Thursday, August 27, 2009

National Register of Historic Places

We have been notified that the Schilling Ranch Historic District, also known as Winchester Ranch, was entered into the National Register of Historic Places on August 7, 2009.  The process of nomination took over three years.  I started by sending information about the Rock House to the State Historic Preservation Office.  They recommended that we prepare documentation for an Historic District, as the Rock House, Bunk House, Tack Room, Hay Barn, and Corral are all intact and essentially in the same condition as when they were built, between the late 1920's and early 1950's.  There are very few historic ranch headquarters still intact in Arizona.

Winchester Ranch was part of the Muleshoe Ranch, controlled by cattle baron Henry Clay Hooker from 1886-1906.  It later became known as “Schillings.”  Ernest Schilling homesteaded the ranch around 1906 and his purchase from the United States of America was recorded in 1927.  Ernest Schilling is locally known for taking a bull to the Chicago World’s Fair in 1933 and winning the top prize.  He put the bull on the train and brought him back to the ranch.

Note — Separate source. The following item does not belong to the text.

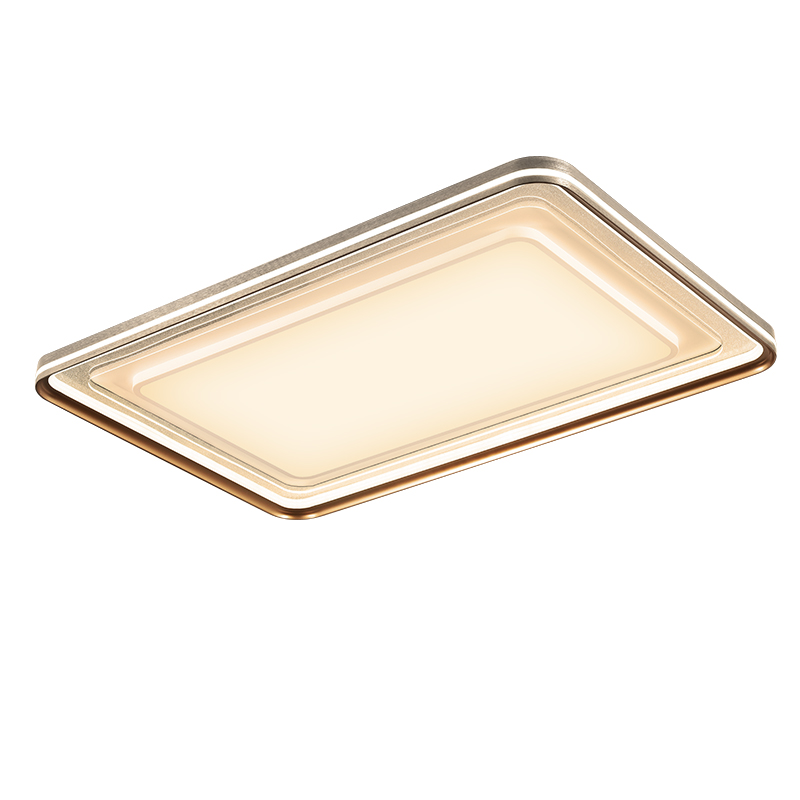 臥室燈，客廳燈，吸頂燈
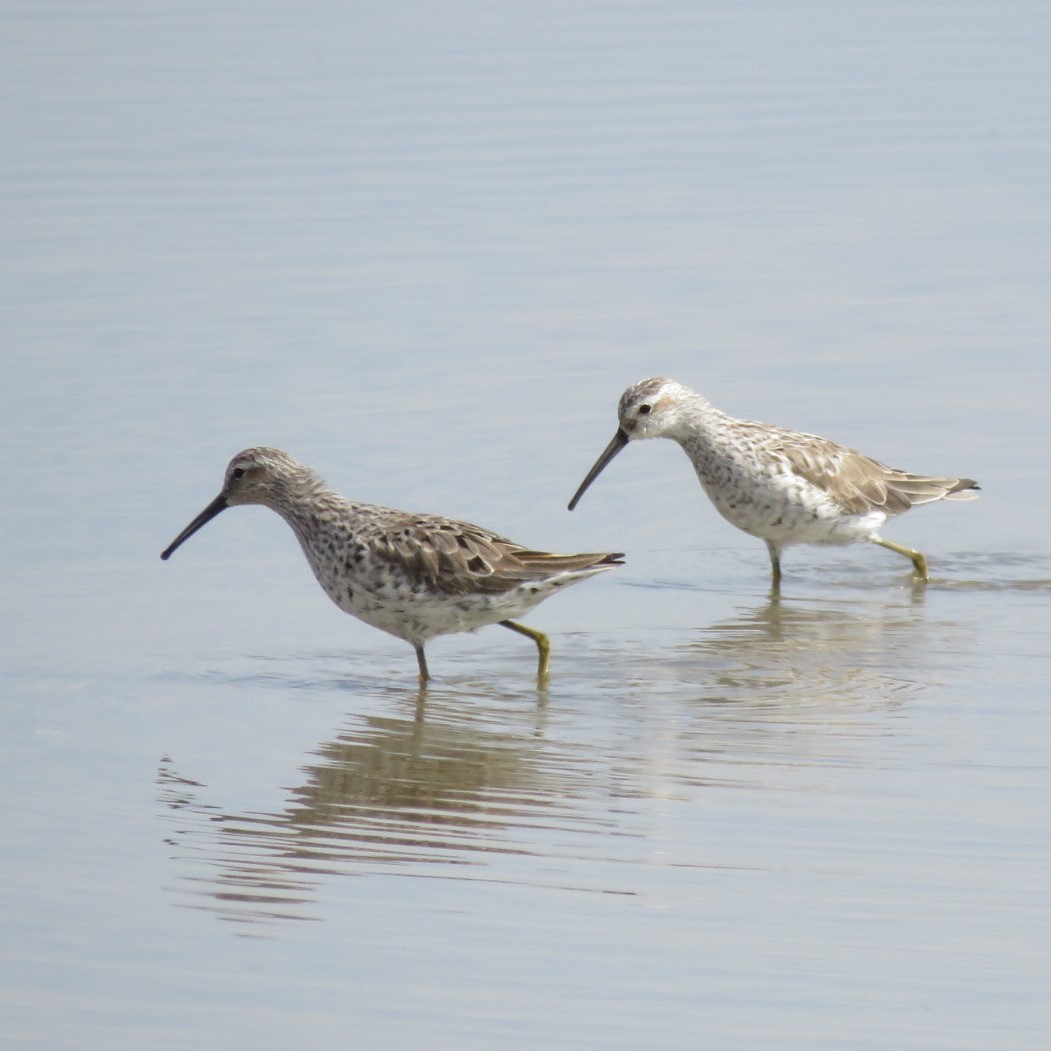 Stilt Sandpiper - ML337405561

There are no definite records of when the Rock House was built, but believed in the late 1920’s or early 1930’s.  The rock veneer on the Rock House appears to have been gathered within sight of the house.  A local family, the Brownings, purchased the ranch in 1948, and with a crew of cowboys
built the Bunk House, Hay Barn, and Tack Room.

After we purchased Winchester Ranch in 2003, we began immediately restoring the historic headquarters.  I lived in the Rock House while I was building our main house compound.  We now use the Rock House as our guesthouse.